Fandom's a weird thing, isn't it? For years, I was quite oblivious to it -- sure, there were bands and artists I liked more than others (I never miss a Paul Weller concert if I can help it, e.g.), but I was never taken over by it -- at least, I didn't think so. There was a time I quite liked to watch EastEnders, and through the BBC message board came to meet other people who were equally interested in the day-to-day happenings in Albert Square; and before I knew it, I'd become a member of several fan forums. I even became a full-fledged BBC Forum Friend, patrolling the boards every day to make sure trolls didn't get to spoil everyone else's fun, answering questions, welcoming newbies, starting threads...but it was all small potatoes compared to what came next: Spikelove!

For a while, I lived and breathed BtVS, or more specifically, Spike! He was the bees knees, and he became somewhat of an obsession of mine; and I had a little trouble separating Spike from James Marsters. Meeting him at a convention and seeing him on stage with his band a couple of times made me shift my fannish interest once again: onto Common Rotation.

They're not an obsession, but I do relish my CoRo fandom. It makes me feel all girlie and young again. It's allowed me to meet some wonderful people, not just the individual members of the band but the people who follow them, who love and enjoy their music as much as I do. And I make excuses, saying I'm making up for past mistakes, that I was never a fangirl in my younger days. And for a while, I really believed that. But I was wrong.

Halfway through the 70s, my sister and I were Queen-fans. We went to every one of their gigs in The Netherlands. We had sleep-overs at other teenage fans houses. We wrote letters to the music press defending our heroes when they'd gotten a bad review, or even when a journalist had misspelt a name. We were fully paid-up members of the International Queen Fanclub. We went to fan meetings. We corresponded with fans in Japan and America. Our rooms were covered in Queen-posters. We kept scrapbooks and entered every competition, even won a few, and got ourselves autographs and other memorabilia. We were fangirls. And we were scary.

One day, when I was about 14 or 15, I got hold of Freddie Mercury's home telephone number through a mate who had a summer job at BT. This was, of course, pure gold. The News of the World-album had just come out, there were plenty of reviews and articles in the music mags that we read, and plenty of things that we wanted to know about. And we had Freddie Mercury's home telephone number. As well as a smattering of English. A dangerous combination. After a while, we could no longer resist the temptation...egged on by my sister, I dialed the number. "Mercury", sing-songed a voice on the other end of the line. I recognised that voice. I dropped the phone. "Hello? Hello?"...My sister was full of questions. I translated. He was quite nice and answered them. We hung up after about 5 minutes.

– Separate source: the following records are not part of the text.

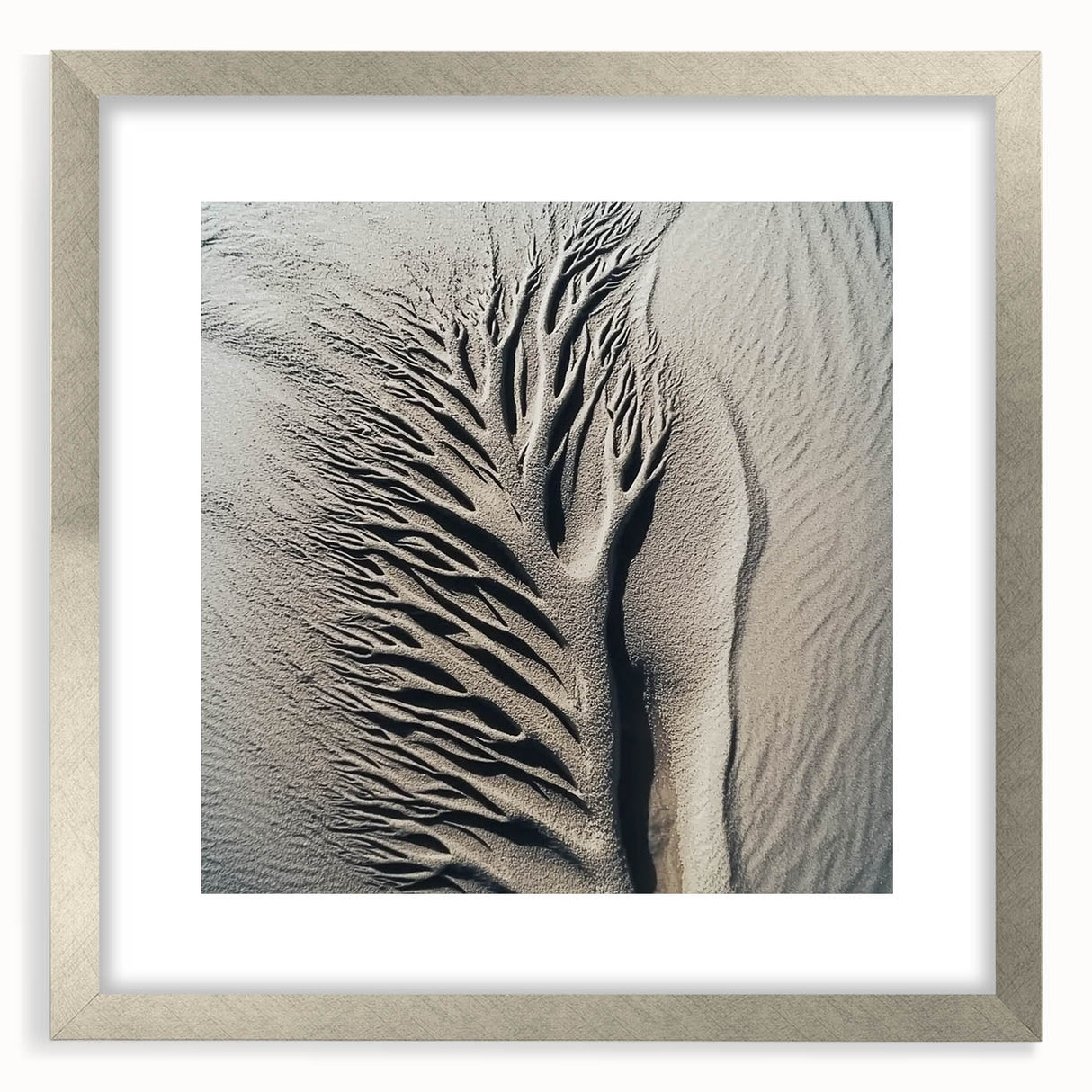 Textured art print featuring abstract nature elements in muted green and brown tones, framed in silver.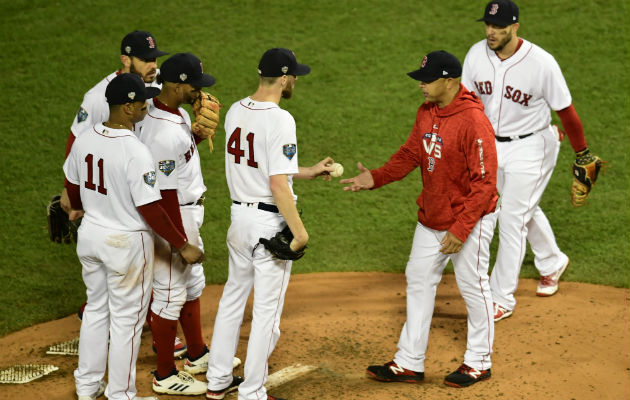 El lanzador de los Medias Rojas Chris Sale (cent.) entrega la pelota el entrenador Alex Cora (rojo). Foto:EFE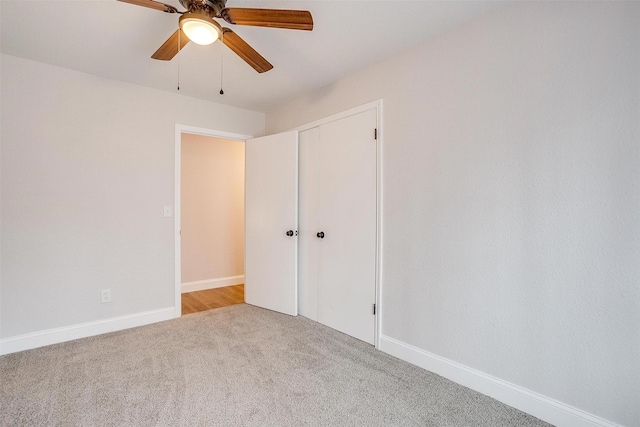 unfurnished bedroom with light colored carpet, ceiling fan, and a closet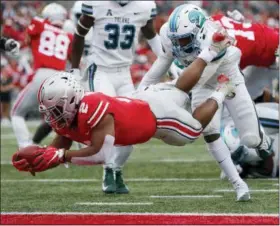  ?? JAY LAPRETE — ASSOCIATED PRESS ?? Ohio State running back J.K. Dobbins, left, dives across the goal line past Tulane defensive back Roderic Teamer during the first half on Sept. 22 in Columbus.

He shouldn't have been so nice -- because week after week, my sister and I would be calling him with inane questions and remarks and squee, until one day, he had had enough. "Oh no, not you again!", he said, answering the phone for the umpteenth time. Chastened, I slammed the phone down, and resolved never to call him again. I never did.

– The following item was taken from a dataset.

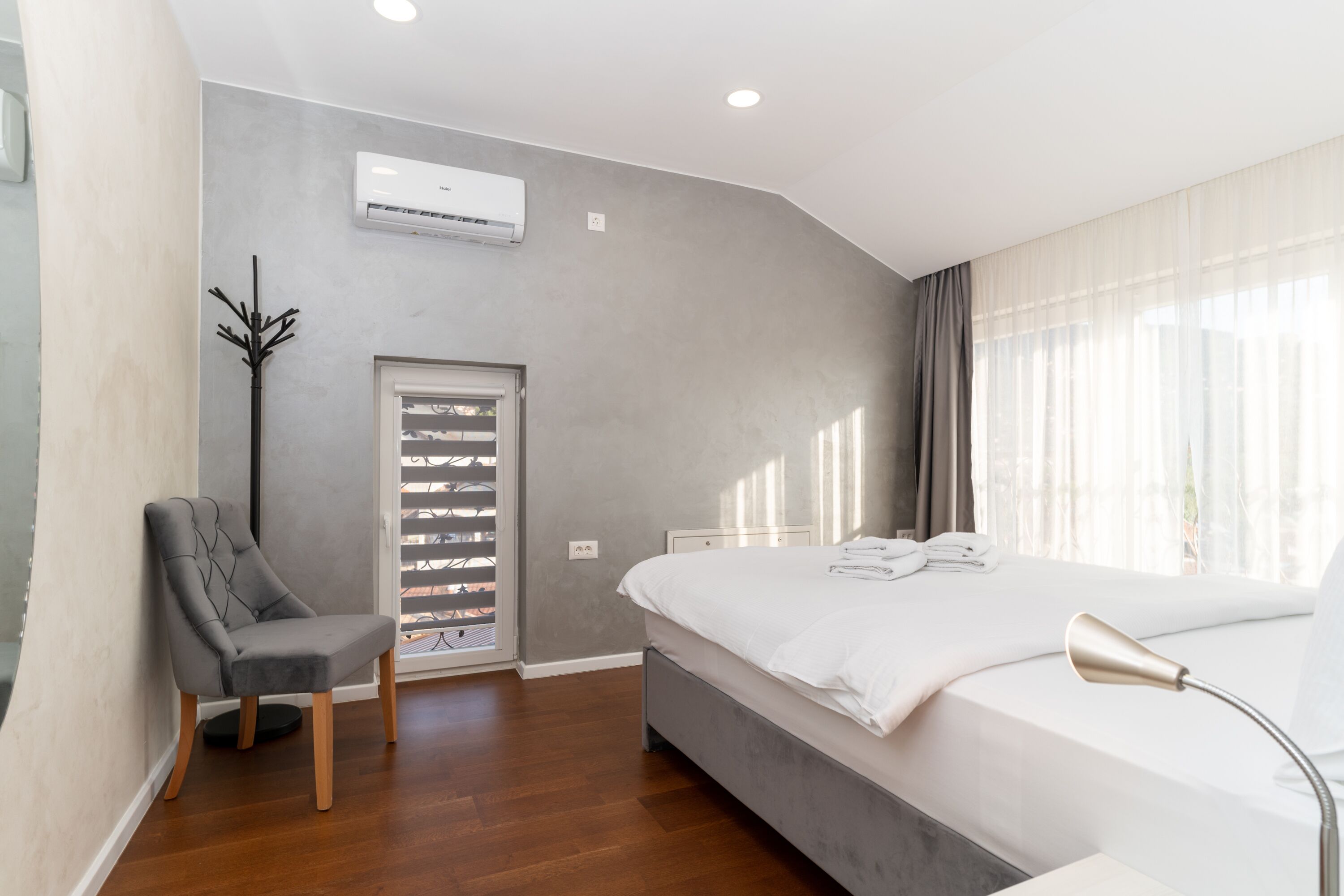 A modern hotel room with a large bed, a chair, a window with curtains, and an air conditioning unit.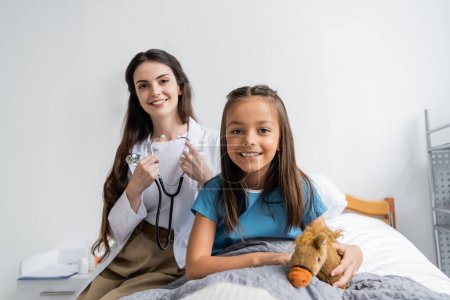 Smiling kid holding soft toy near doctor with stethoscope looking at camera in hospital ward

A few days later, my Dad tore strips off us. He'd just received the itemised phone bill he'd requested because the bill had been so high the previous month -- what idiot had been making international calls from his phone? My sister and I owned up to the dastardly deed, and were grounded for a month.

Several years later, we actually got to meet Mr. Mercury fleetingly. We didn't dare open our mouths, let alone tell him we'd been his phone stalkers once upon a time.